Fratura de Pênis: Diagnóstico e Manejo da Lesão Uretral

IDOR - Instituto D'Or de Pesquisa e Ensino - Rede D'Or (RJ) — Prova 2024

Enunciado

Paciente de 28 anos comparece à emergência com relato de estalo durante atividade sexual seguida de dor e detumenscência peniana há 5 horas. Apresenta hematoma no local e região escrotal e discreto desvio peniano. É correto afirmar que:

Alternativas

  1. A) Diante da suspeita de trauma uretral associado, deve ser associada ureterocistografia retógrada no início do ato cirúrgico antes da sondagem
  2. B) O diagnóstico deve ser confirmado por ultrassonografia com doppler associado a uretrocistografia retrógrada
  3. C) A lesão consiste na ruptura da túnica vascular com integridade da fáscia de Buck
  4. D) O desvio peniano ocorre para o lado da lesão, definindo a lateralidade da incisão (preferencialmente semicircunferencial)

Pérola Clínica

Fratura de pênis + suspeita de lesão uretral → Uretrocistografia retrógrada ANTES da sondagem.

Resumo-Chave

A fratura de pênis é uma emergência urológica que requer reparo cirúrgico imediato. A presença de hematoma escrotal ou uretrorragia deve levantar a suspeita de lesão uretral associada, indicando a necessidade de uretrocistografia retrógrada pré-operatória para guiar a conduta.

Contexto Educacional

A fratura de pênis é uma emergência urológica rara, mas grave, que ocorre devido à ruptura da túnica albugínea dos corpos cavernosos, geralmente durante a atividade sexual vigorosa. Sua importância clínica reside na necessidade de diagnóstico e tratamento cirúrgico imediatos para preservar a função erétil e evitar deformidades penianas a longo prazo. Residentes devem estar aptos a reconhecer rapidamente essa condição. A fisiopatologia envolve o dobramento abrupto do pênis ereto, resultando em pressão excessiva nos corpos cavernosos e consequente ruptura da túnica albugínea. Os sinais e sintomas incluem um "estalo" audível, dor intensa, detumescência imediata e um hematoma que pode se estender ao escroto e períneo. O diagnóstico é predominantemente clínico, mas a ultrassonografia pode ser útil em casos atípicos. A suspeita de lesão uretral (presente em 10-20% dos casos) é crucial e deve ser investigada com uretrocistografia retrógrada. O tratamento é cirúrgico e deve ser realizado o mais rápido possível para drenar o hematoma e reparar a túnica albugínea. A exploração cirúrgica permite identificar e suturar a ruptura, minimizando complicações como curvatura peniana, disfunção erétil e fístulas uretrocutâneas. O prognóstico é geralmente bom com tratamento precoce e adequado, mas atrasos podem levar a sequelas significativas.

Perguntas Frequentes

Quais são os sinais e sintomas clássicos de uma fratura de pênis?

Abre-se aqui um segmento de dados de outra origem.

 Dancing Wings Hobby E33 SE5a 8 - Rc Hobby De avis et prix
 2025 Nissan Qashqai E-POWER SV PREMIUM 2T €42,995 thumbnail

Os sinais clássicos incluem um estalo audível durante a relação sexual, dor intensa, detumescência imediata, inchaço e hematoma peniano ("berinjela"). Pode haver desvio peniano.

Por que é importante realizar uma uretrocistografia retrógrada em casos de fratura de pênis?

A uretrocistografia retrógrada é crucial para descartar ou confirmar lesão uretral associada, especialmente se houver hematoma escrotal, uretrorragia ou dificuldade para urinar, antes de qualquer instrumentação uretral.

Qual a conduta inicial em caso de suspeita de fratura de pênis?

A conduta inicial é o diagnóstico clínico e a avaliação da uretra. O tratamento definitivo é cirúrgico, com reparo imediato da túnica albugínea rompida para evitar complicações como disfunção erétil e curvatura peniana.